Gardening as I have mentioned before is not something that comes naturally to me. If a particular plants thrives without much care, it would do mediocre in my garden. If a plant required the least bit of care, typically it would struggle valiantly to survive but ultimately die a slow, painful death mid-summer.
This year I wanted things to be different. This year I wanted to really make my efforts pay off with a huge bounty at the end of the season. This year…well, that pipe-dream came to end yesterday — at least when it comes to my beet crop.
This is my beet garden –
Isn’t it absolutely beautiful!
So many healthy leaves.
So many healthy plants.
Or are they? As I was watering my beloved beet crop yesterday, hubby came by, took one look, knelt down to take a closer look, and said, “Why is the top showing like that?”
I looked at it and told him I didn’t know. I guess I figured it was supposed to look like that.
With one question, hubby planted to seed of doubt in my head, and that old nagging, sinking feeling began to grow in my gut and I just knew — I just knew I’d done something wrong, screwed something up, killed my chances of a bumper crop of beets.
Sure enough, when I went online to research growing beets, it turns out the although the package of beet tape I used did not specify “thinning” the seedlings, this is a crucial part of growing them. Now, perhaps there is a just a tinge of a “gardener” in me somewhere, because when the beets first began to grow, I did think they were growing too close together and did thin them. Problem is I didn’t thin them enough.
Who knew that each beet seed can produce between 2 and 4 plants?

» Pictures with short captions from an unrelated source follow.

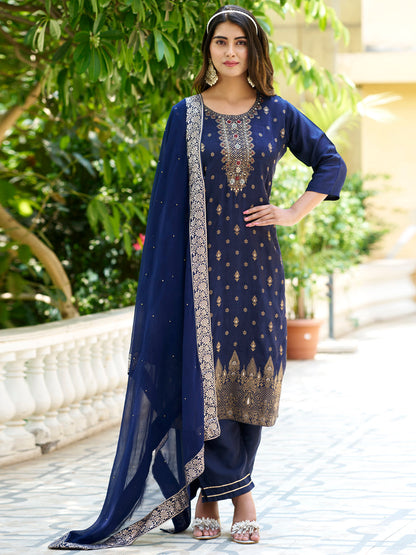 Puja Women Kurta and Pant Sets Dupatta Viscose Rayon Silk Blend with Handwork - FitVibe Fashion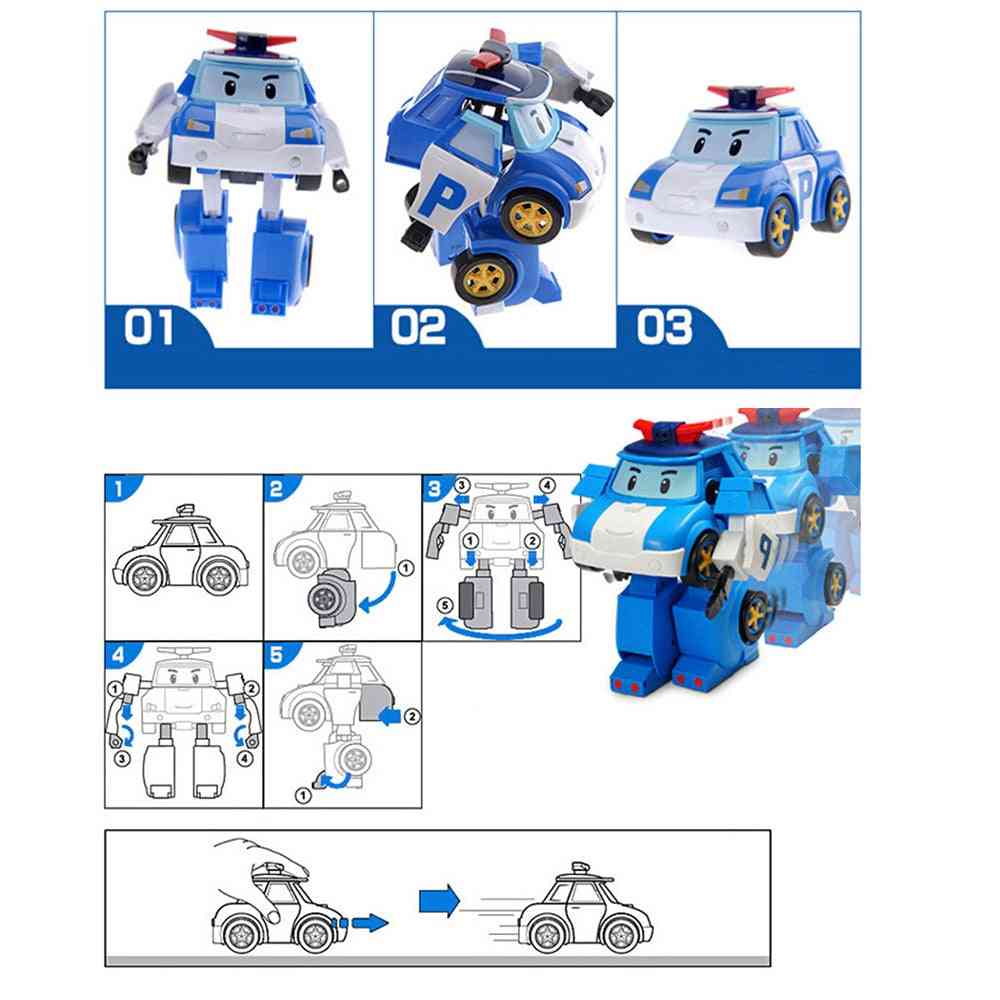 Poli Auto Kinder Roboter Spielzeug, verwandeln Fahrzeug Cartoon Anime Actionfigur Spielzeug für Kinder Geschenk - 4 Stück ohne Box
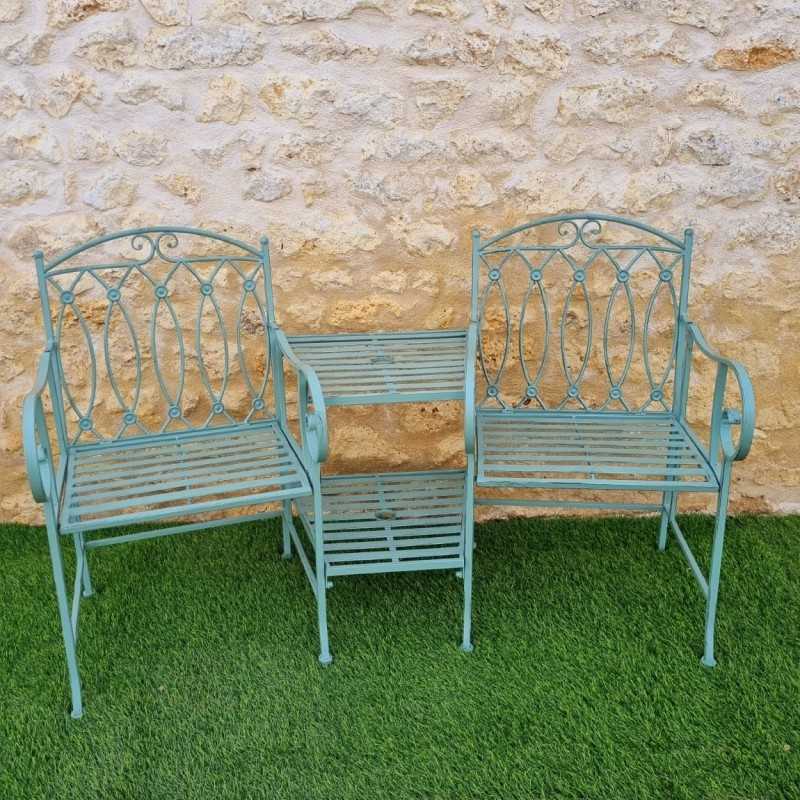Gartenbank aus Eisen mit Ablage, Länge 153 cm, Frontalansicht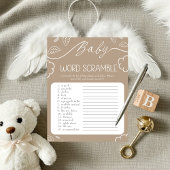 Invitation Heavenly Beige Baby Word Scramble Game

Who knew that the seedlings needed to be thinned to one plant every 3 to 6 inches? Who knew that the thinned seedlings were transplantable?

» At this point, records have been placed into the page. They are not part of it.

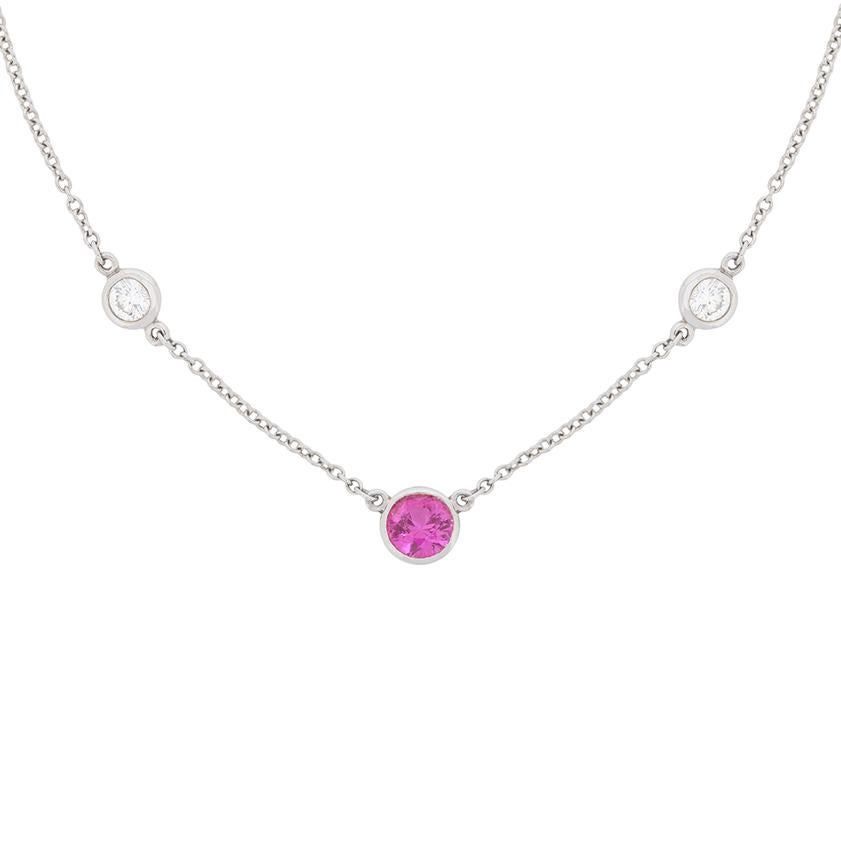 Tiffany & Co. Pink Sapphire and Diamond Necklace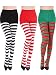 3 Pairs Striped Tights Full Footed Striped Socks Thigh High Stockings for Women Christmas Cosplay(style-1)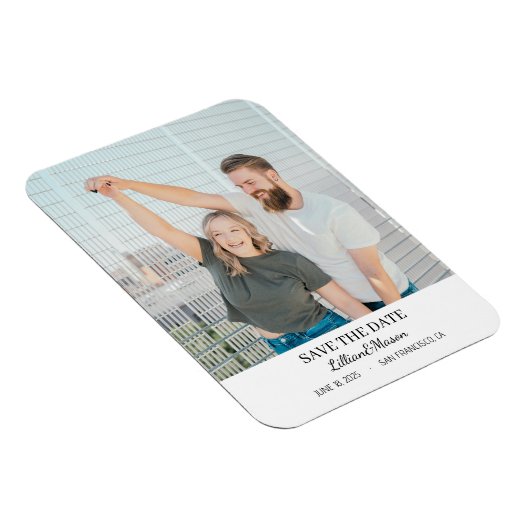 Custom Picture Save the Date fridge magnet Magneet (Rechterzijde)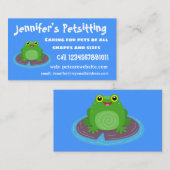 かわいいハッピーグリーンカエル漫画イラストレーション 名刺 (正面/裏面)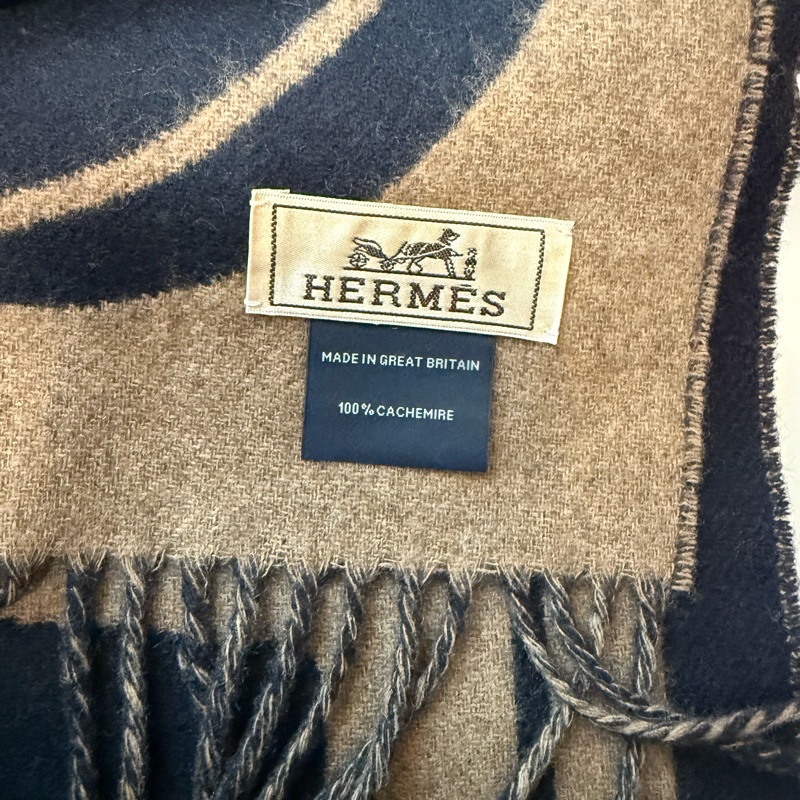 💖Hermes 圍巾 豬鼻串接款💖 全新 深藍色 現貨 美款✨-4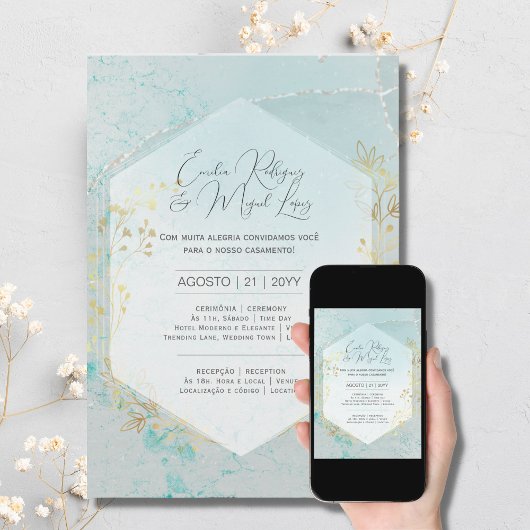 コンヴェカイトカザメントオウロアズールトゥルクエサポルトガル 招待状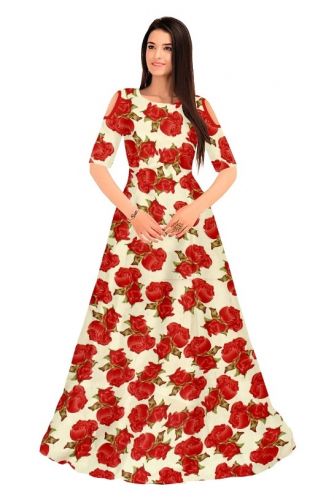 Colourful Women's Gown Sku : G087-Roshni Red Gown (Code: 1A7D)COL9ZJ7594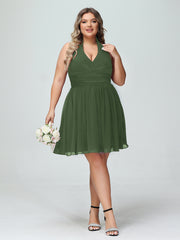 Halter V Neck Short Chiffon Bridesmaid Dresses-Olive Green Plus Size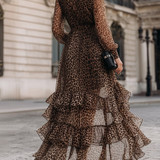Lilián Elegáns Leopárd Midi Ruha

So much information out there and I knew none of it because all I did was read the package instructions and wing it! Ignorance is bliss until reality hits and crushes any hope of canning home-grown beets for another year.
In a last-ditch effort to salvage some of the plants, I did try transplanting one of the mature plants yesterday. I had to just pull it out, as it was too close to another plant to dig it, and then carefully placed it in a deep hole in fresh compost, watered it and crossed my fingers. Unfortunately, this is what it looks like this morning.

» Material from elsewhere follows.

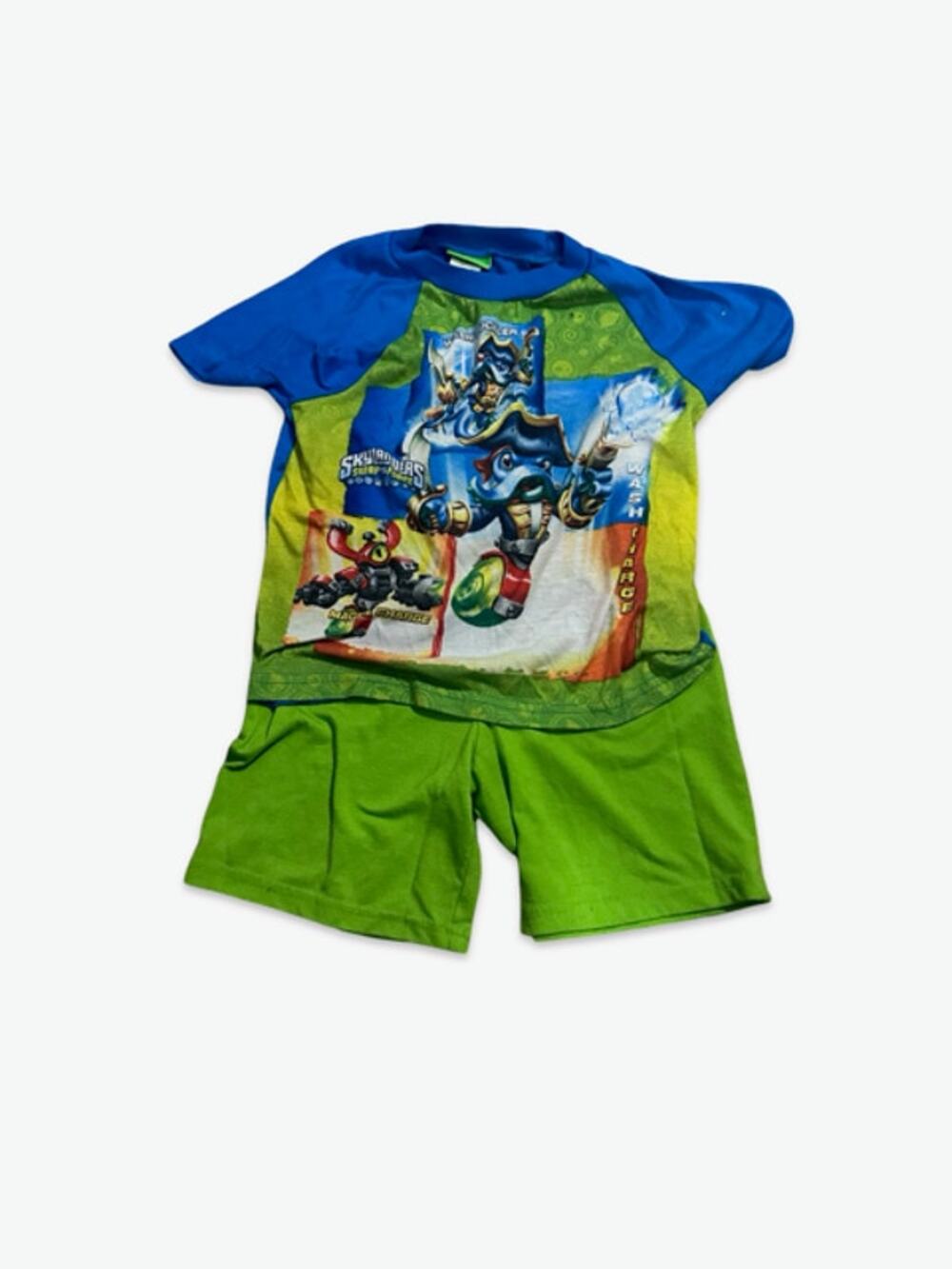 Skylanders Boys Pajama Set Size 8 Blue Green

The leaves are limp and lifeless and even with the morning sun, there appears to be no sign of life.
I feel like such a failure. Grace tried to make me feel better by reminding me that this is my first year trying to grow a lot of the vegetables I planted and that mistakes were bound to happen. Hubby tried to make me feel better by saying that maybe I’m jumping the gun and thinking all is lost when things might not be as bad as I think they are. Zeb just gave me a hug. Bell just keeps diligently following me from the beet garden to the replanted beet root, wondering why I’m so upset.
I know that gardening is a learning process. I know that mistakes are bound to happen. I know I should have researched far more about growing beets before I planted them, after they sprouted, or sometime before it was too late. I know that there is always next year. I know I can order a bushel from a local farmer and still can beets if I chose to.
None of this makes me feel better. That sick feeling in the pit of my stomach is just aching and at this point, I am questioning whether or not there is any way I will actually be any sort of true “gardener.”
Here is my beet garden —
Isn’t it beautiful? At least, if nothing else, it looks healthy and lush, not perfect, but something, and for this I am trying so hard to be — Simply Grateful.